Embers from metro Denver's scorching housing market, which cooled late last year, remain hot enough to reignite into another nation-leading performance, some forecasts are predicting.
Activity slowed in the fall, and the market probably won't burn as bright as it did in 2015, a record year. But metro Denver home price gains should remain at the top of the charts nationally for a second year in a row.
"If the jobs are there, if the wages are there, if the overall confidence of the consumer is there — those are the key ingredients for a housing market," said Alex Villacorta, vice president of research and analytics at Clear Capital in Reno, Nev.
Clear Capital is forecasting that metro Denver home prices will rise 7.7 percent this year, after an 11.7 percent gain on its home data index in 2015.
U.S. home prices, which appreciated at a 6.5 percent pace in 2014 and a 5.1 percent pace in 2015, will gain only 1.4 percent in 2016, Clear Capital predicts. Against that backdrop, Denver will lead major metro areas for home price appreciation this year, followed by Dallas and Jacksonville, Fla., the company predicts.
Metro Denver's low 3.2 percent unemployment rate, 1.1 percent income growth and strong home price appreciation put it first on Zillow's "hottest housing markets" list for 2016.
Zillow considers Denver "hotter" than Seattle; Dallas-Fort Worth; Richmond, Va.; and Boise, Idaho.
Seattle-based Zillow, like Clear Capital, is calling for slower home price gains nationally and in Denver. It forecasts a 5 percent gain in its Denver home price index this year, down from a sizzling 16 percent gain measured last year.
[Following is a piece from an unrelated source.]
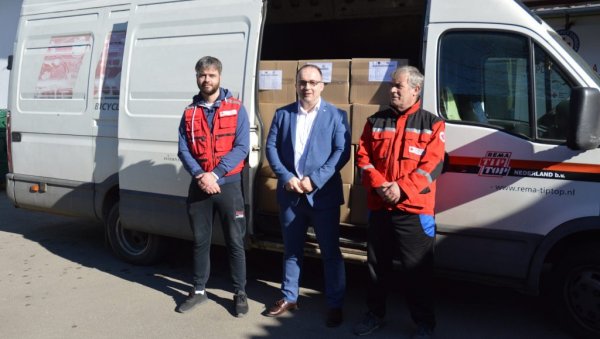 ПОМОЋ У ХРАНИ: Почела испорука пакета за најсиромашније Сомборце ПОМОЋ У ХРАНИ: Почела испорука пакета за најсиромашније Сомборце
For many, including those who make a living buying and selling homes, the slower pace will come as a relief.
"We can't continue to sustain these year-over-year, double-digit increases over the long run," said Anthony Rael, chairman of the market trends committee at the Denver Metro Association of Realtors.
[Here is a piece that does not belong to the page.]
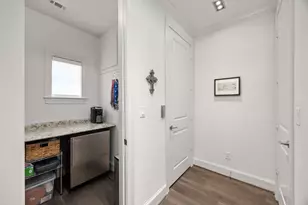 11 Robita St, Houston, TX 77019 - Photo 29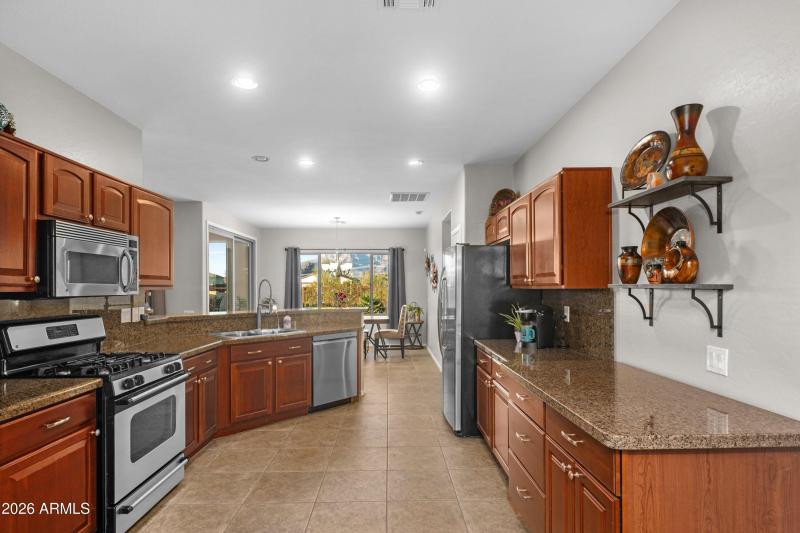 27-10056-E-Prospector-27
The Denver Post looked at statistics from REColorado, which owns the region's listing service, and DMAR to determine how 2015 compared to other hot stretches for housing since 1990.
A record 55,509 homes were sold in metro Denver last year, marking the third straight year that home sales topped 50,000. The last time metro Denver had that kind of run was from 2004 through 2006.
That might raise concerns of a bubble ready to bust. But what sets the current market run apart from last decade's housing boom are how few homes are available for sale — under 4,400 at year's end in both 2014 and 2015, according to REColorado.
During the peak of last decade's housing boom, buyers had 23,000 listing on average to choose from at year's end. Looking at the 25-year average, an inventory of 13,430, three times current levels, is closer to the norm.
A key reason inventory is so tight is that new-home construction hasn't kept pace with theunexpectedly large number of people moving to the northern Front Range from other states.